All tasks must be solved in Go, Java, and Python. Recurring tools: a penalized DP returning (f(λ), count), a binary search on λ, a target-k recovery f(λ) − λ·k, and a count-indexed O(k·DP) oracle plus a convexity check for verification.

Beginner Tasks

Task 1: Penalized single-row partition DP. Implement solve(a, λ) that, for the squared-segment-sum cost (P[j]−P[t])², returns (f(λ), count) where f(λ) = min over any number of segments of ( total cost + λ·(#segments) ) and count is the number of segments on the optimal path (ties → fewer segments). Use a plain O(n²) DP.

Go

package main

func solve(a []int, lambda int64) (int64, int) {
    // build prefix sums; DP g[j] = min_{t<j}(g[t] + (P[j]-P[t])^2 + lambda)
    // track cnt[j]; break ties toward fewer segments
    return 0, 0
}

func main() {
    // example: solve([]int{1,3,2,4}, 20) -> (92, 2)
}

Java

public class Task1 {
    static long[] solve(int[] a, long lambda) {
        // return {f(lambda), count}
        return new long[]{0, 0};
    }
    public static void main(String[] args) {
        // solve({1,3,2,4}, 20) -> {92, 2}
    }
}

Python

def solve(a, lam):
    # return (f(lam), count); ties -> fewer segments
    return 0, 0

if __name__ == "__main__":
    print(solve([1, 3, 2, 4], 20))  # (92, 2)
  • Constraints: 1 ≤ n ≤ 2000. Use 64-bit. Verify solve([1,3,2,4], 20) == (92, 2).
  • Expected Output: (92, 2).
  • Evaluation: correct penalty addition, count tracking, tie-break toward fewer.

Task 2: Recover opt(k) from a known λ. Given solve from Task 1 and a λ you are told yields count == k, implement recover(a, λ, k) returning f(λ) − λ·k. Confirm recover([1,3,2,4], 20, 2) == 52. - Provide starter code in all 3 languages. - Constraints: O(n²) is fine. Emphasize subtracting λ·k with the target k.

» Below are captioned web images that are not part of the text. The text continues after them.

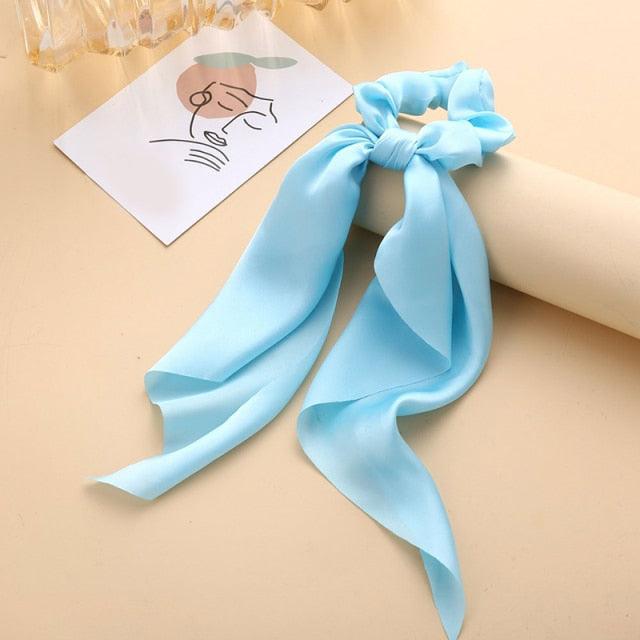 Satin Ribbon Ponytail Scrunchies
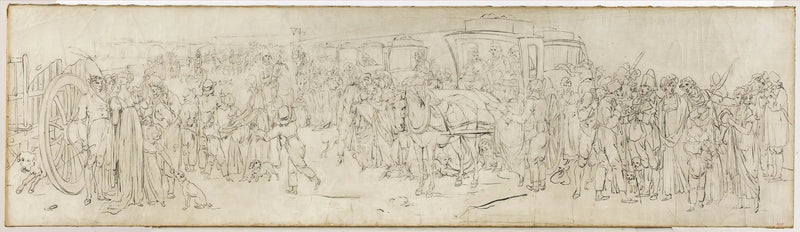 Os cucos no cais das Tuileries - Louis-Léopold Boilly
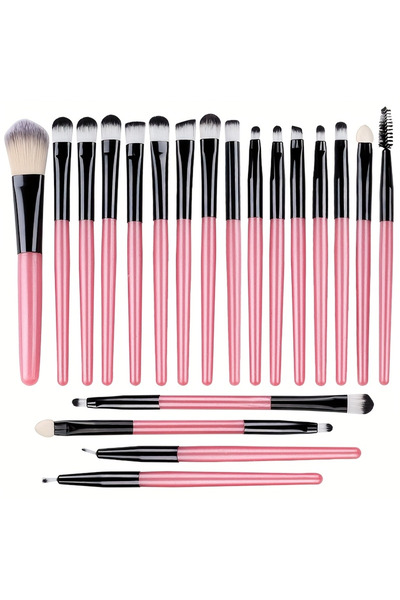 Choice15 20PK-B 20Pcs Makeup Brush Set Eyeshadow Eyeliner Brushes Foundation ...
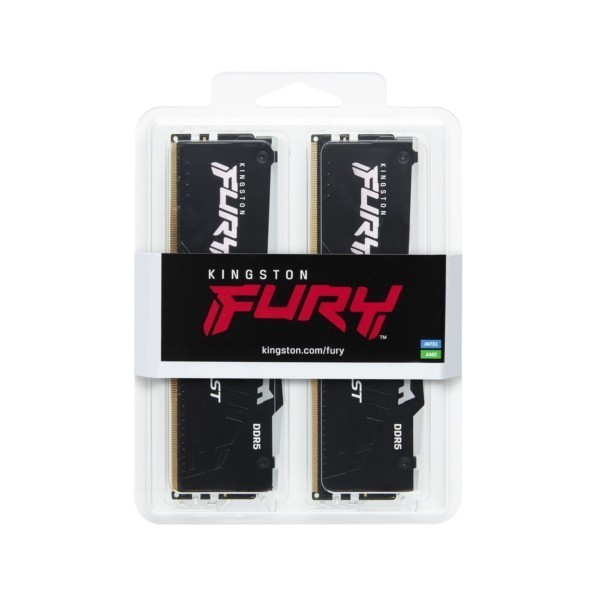 DDR5 64GB KIT 2x32GB PC 5600 Kingston FURY Beast RGB EX KF556C36BBEAK2-64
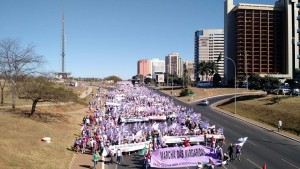 : Deputado Zé Inácio ressalta a importância da Marcha das Margaridas realizada por trabalhadoras do campo.  
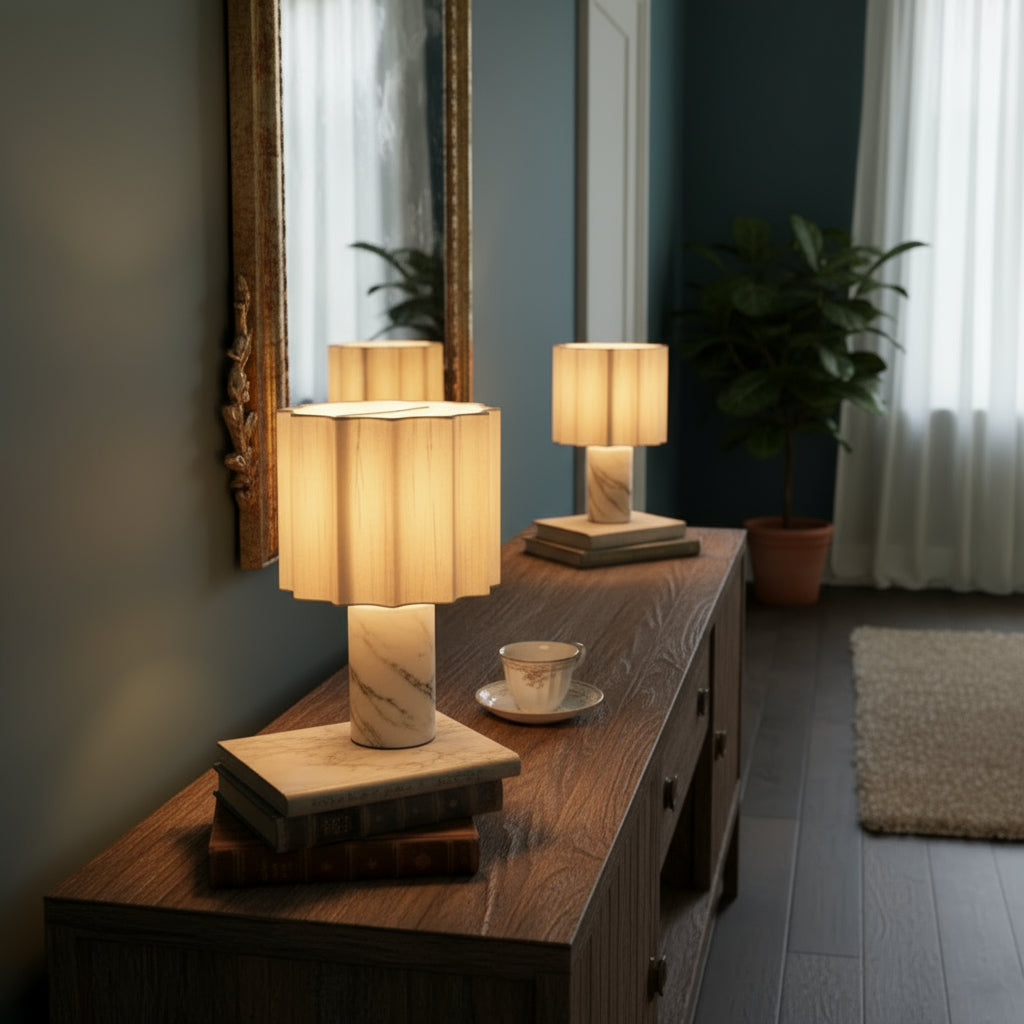 Mirna Marmor Tischlampe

Task 3: Count-indexed brute-force oracle. Implement opt_table(a) returning opt[k] for all k = 0..n via the count-indexed DP dp[i][j] = min_{t<j}(dp[i-1][t] + (P[j]-P[t])²), opt[k] = dp[k][n]. Use this as the ground truth for later tasks. - Constraints: 1 ≤ n ≤ 300 (it is O(n³)/O(k·n²)). - Expected: opt_table([1,3,2,4])[2] == 52.

Task 4: Convexity checker. Using opt_table from Task 3, implement is_convex(a) that returns True iff the first differences opt[k] − opt[k−1] (over feasible k) are non-decreasing. Print the differences. - Constraints: small n. Test on [1,3,2,4] and on a hand-made non-convex example.

Task 5: Full Aliens search (integer λ). Combine Tasks 1, 2: implement aliens(a, K) that binary-searches the smallest λ with count(λ) ≤ K over [0, (sum)²], then returns f(λ) − λ·K. Validate against opt_table for every K. - Provide starter code in all 3 languages. - Constraints: 1 ≤ n ≤ 2000, 1 ≤ K ≤ n. Expected: aliens([1,3,2,4], k) matches opt_table[...][k] for all k.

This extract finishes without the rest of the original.